De la patience, il en faut encore plus pour les lecteurs des Aigles de Rome de Marini. On sait que l’auteur italien aime les fresques inachevées. Le Scorpion, toujours d’actualité depuis sa création en 2000 et sa reprise au dessin par Luigi Critone, et dans une moindre mesure les séries Gipsy, Rapaces, démontrent le goût de Marini pour les histoires au long cours. Il est seul quand il crée le premier tome de cette série vendue déjà aujourd’hui à 715 000 exemplaires. Pour mémoire on rappellera que l’action se déroule un peu avant et après la naissance de Jésus Christ sur fond d’affrontements entre les Germains et l’Empire Romain. Se laisser le temps de la création permet à Marini d’écrire et de dessiner une large et grande épopée au service de destins individuels sur fond d’Histoire.

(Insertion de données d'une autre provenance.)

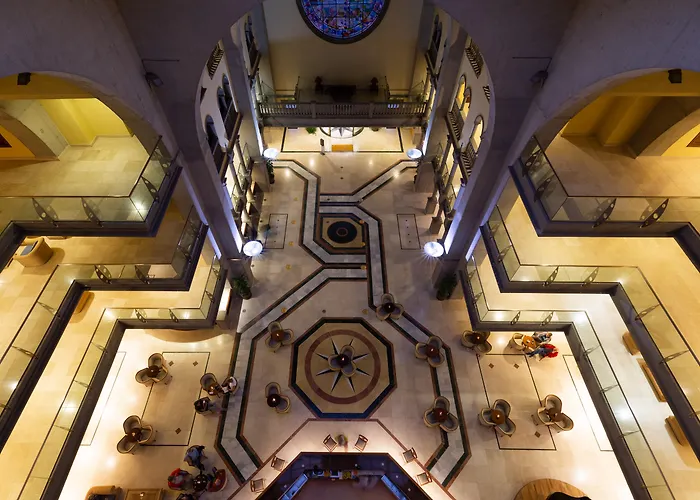 R2 Rio Calma Costa Calma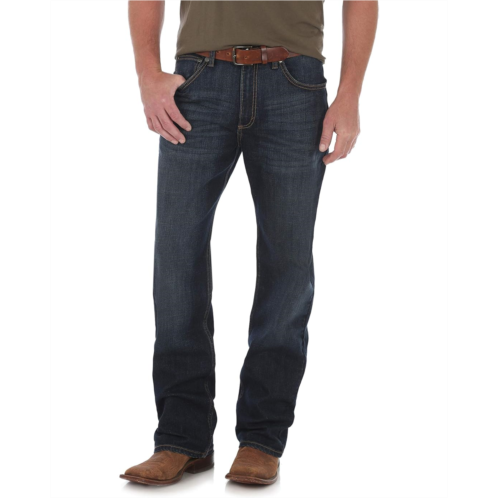 Wrangler Relaxed Fit 20X Jeans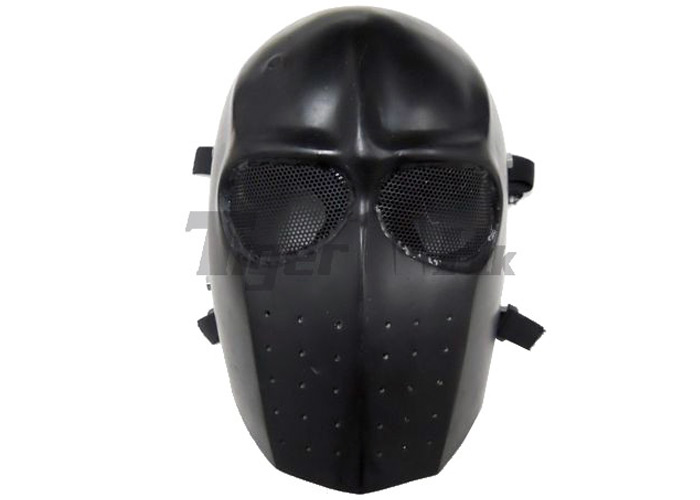 eAiming Army of Two Mask Popular Airsoft To The Airsoft World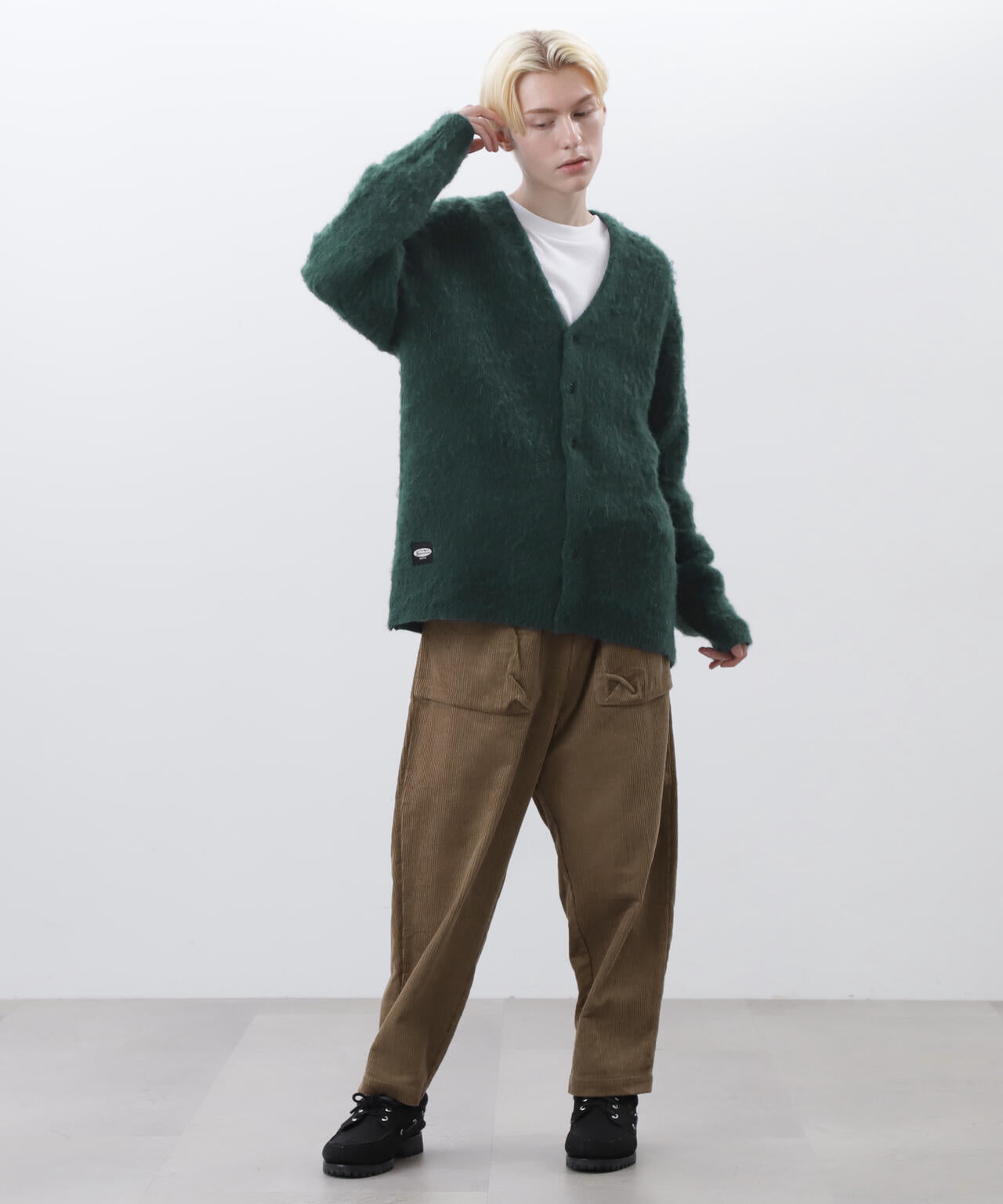 4f11d96a-c7f3-5425-8d4a-cd073983fd34_Image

Depuis l’album initial nous suivons l’amitié puis l’opposition entre Ermanamer, qui reprendra son nom originel de Arminius, et Marcus Valerius Falco. Deux destins parallèles puis opposés qui permettent à l’auteur de nous emmener dans les deux camps opposés: celui des Romains et celui des Barbares. Amour, violence, sexe, érotisme, Marini mêle dans ces sept albums les ingrédients dont il maitrise à la fois la narration et la représentation. Chevaux affolés, combats sans merci, têtes coupées, d’albums en albums, il raconte une Histoire violente et pleine de rebondissements. Comme souvent avec le créateur, la dernière case ouvre de nouvelles perspectives et nous invite à attendre avec impatience le tome 8. Dans un an au mieux?
Habemus Bastard, « Un cœur sous la soutane ». Tome 2 et fin de Sylvain Vallée et Jacky Schwartzmann. Éditions Dargaud. 84 pages. 21€.
Raven, « Furies ». Tome 3 et fin de Mathieu Lauffray. Éditions Dargaud. 84 pages. 20€.
Les Aigles de Rome. Tome 7 de Marini. Éditions Dargaud. 64 pages.17€.